CMS Begins Fingerprinting “High Risk” Medicare Providers and Suppliers

The Centers for Medicare and Medicaid Services (CMS) issued MLN Matters Number SE1417 on April 11, 2014. This Special Edition MLN Matters is intended for providers and suppliers who submit claims to Durable Medical Equipment (DME) Medicare Administrative Contractors (MACs) and Home Health and Hospice MACs for services provided to Medicare beneficiaries. CMS makes it clear in this article that it will begin fingerprinting all owners of these types of providers with a 5% or greater ownership interest. The ultimate goal is to fingerprint all owners with a 5% or greater ownership interest in all providers or suppliers in the high risk category that receive reimbursements from the Medicare Program. According to CMS, the implementation of fingerprint-based background checks as part of enhanced enrollment screening of providers is based on Section 640 of the Affordable Care Act (ACA).

When fully implemented, the fingerprint-based background check will be required for all individuals with a 5% or greater ownership interest in a provider or supplier that falls under the high risk category. The high level of risk category applies to all providers and suppliers who are newly enrolling DME suppliers or home health agencies. This category will also apply to providers and suppliers who are elevated to the high risk category in accordance with enrollment screening regulations.

Fingerprint-based background checks will be implemented beginning in 2014. Providers and suppliers subject to fingerprinting will receive notification of the requirements from their MAC. The MACs will send notification letters to providers and suppliers that include a list of all owners with a 5% or greater ownership interest who are required to be fingerprinted. Letters will be mailed to providers’ or suppliers’ correspondence addresses and special payments addresses on file with Medicare. Individual fingerprinting will normally be required only once, but CMS reserves the right to request additional fingerprints, if needed. Owners will have thirty days from the date of notification letters to be fingerprinted. Providers and suppliers that find discrepancies in the list of owners sent to them by the MACs should communicate the discrepancies and take appropriate action to update enrollment records to reflect corrected ownership information.

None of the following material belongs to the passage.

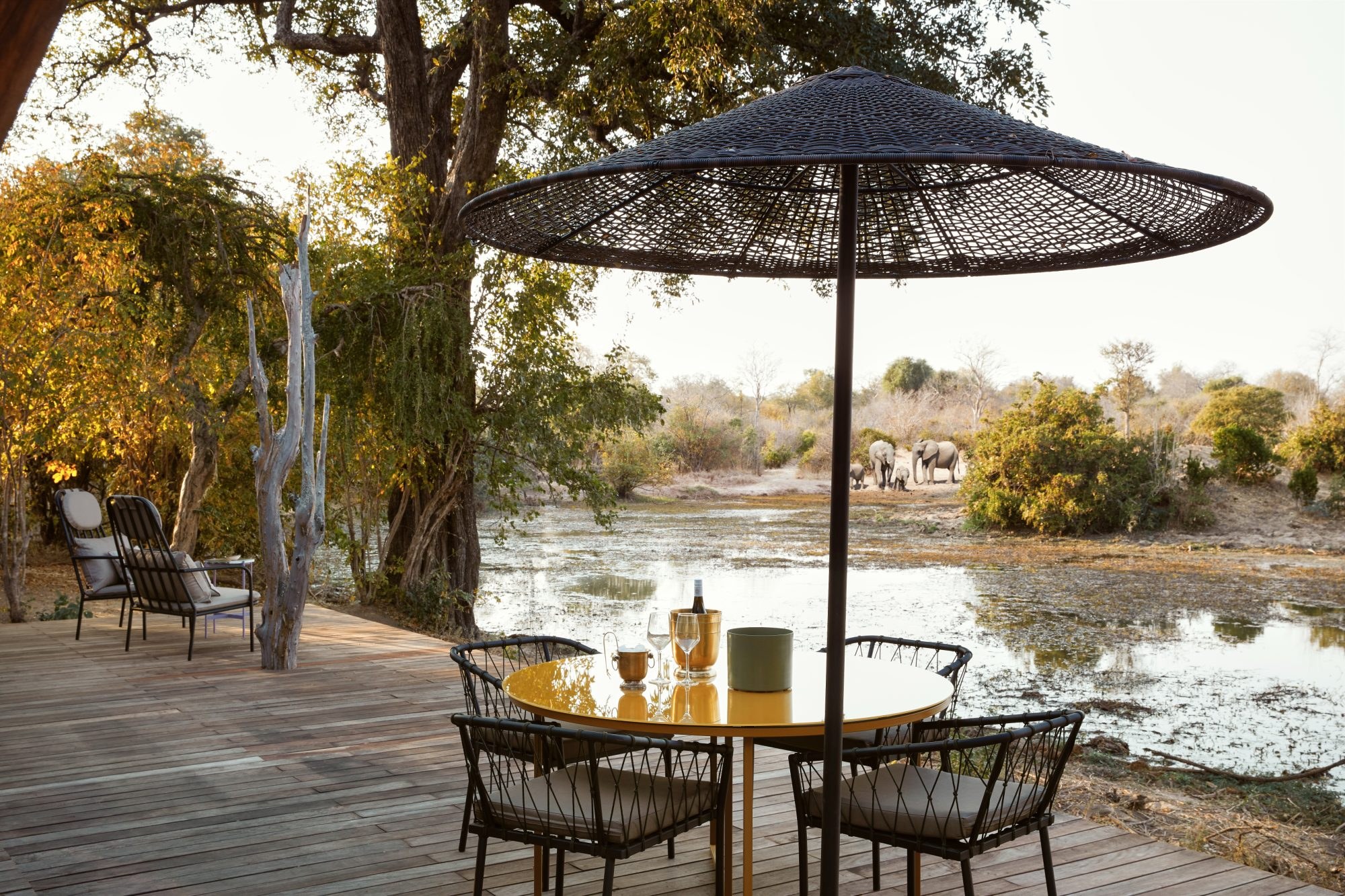 Molori Mashuma en Mana Pools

Notification letters will include contact information for the Fingerprint-Based Background Check Contractor (FBBC). Individuals required to be fingerprinted are required to contact the FBBC prior to being fingerprinted to ensure that fingerprints are accurately submitted to the Federal Bureau of Investigation (FBI) and that the results are properly transmitted to CMS. Providers and suppliers subject to fingerprinting will be able to contact the FBBC by telephone or by accessing the FBBC’s website. Contact information for the FBBC will be included in notification letters sent by the MACs. The FBBC will provide at least three locations convenient to individuals’ locations where they can be fingerprinted. One of the locations must be a local, state, or federal law enforcement facility.

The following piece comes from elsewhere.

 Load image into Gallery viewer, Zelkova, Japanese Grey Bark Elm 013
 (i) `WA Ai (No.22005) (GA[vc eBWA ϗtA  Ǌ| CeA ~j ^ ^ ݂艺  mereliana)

Individuals required to be fingerprinted must bear all expenses related to being fingerprinted.

CMS encourages providers and suppliers to provide fingerprints electronically, but CMS will accept the FD-258 card instead. FD-258 cards submitted will be converted to electronic submissions to the FBI by the FBBC.

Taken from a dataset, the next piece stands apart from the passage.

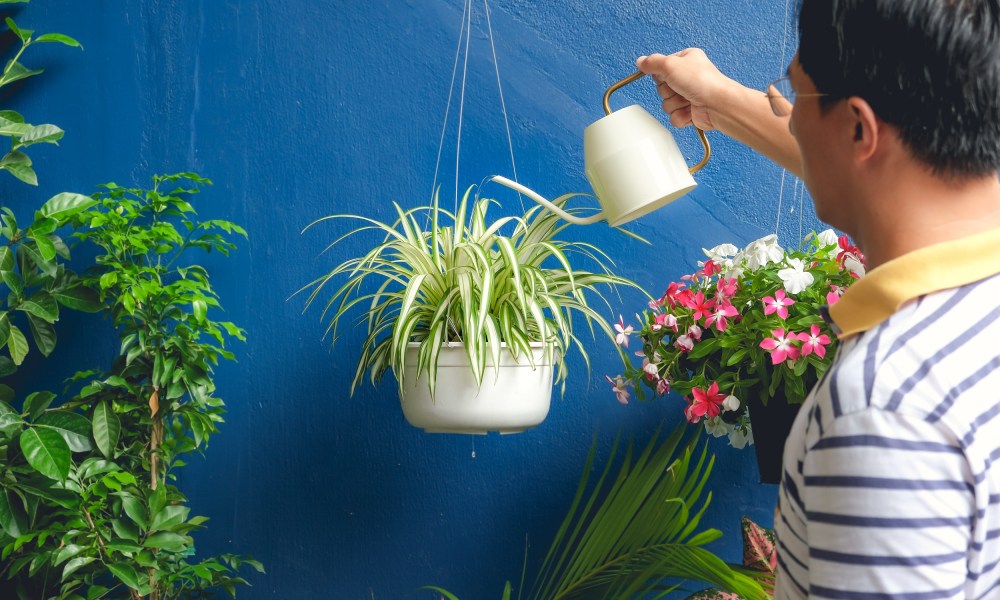 Man watering spider plant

Fingerprints will be sent to the FBI for processing. The FBI will compile background history based on fingerprints within twenty-four hours of receipt and will share the results with the FBBC. The FBBC will review each record and make recommendations to CMS regarding fitness. CMS will assess recommendations from FBBC and make final determinations. CMS may deny enrollment applications or revoke existing Medicare billing privileges based on its final determinations of the results of fingerprint background checks.

Providers and suppliers regularly face a number of hurdles in the enrollment process. The above addition to the process is bound to increase providers’ frustration. Meticulous compliance will be the name of the game!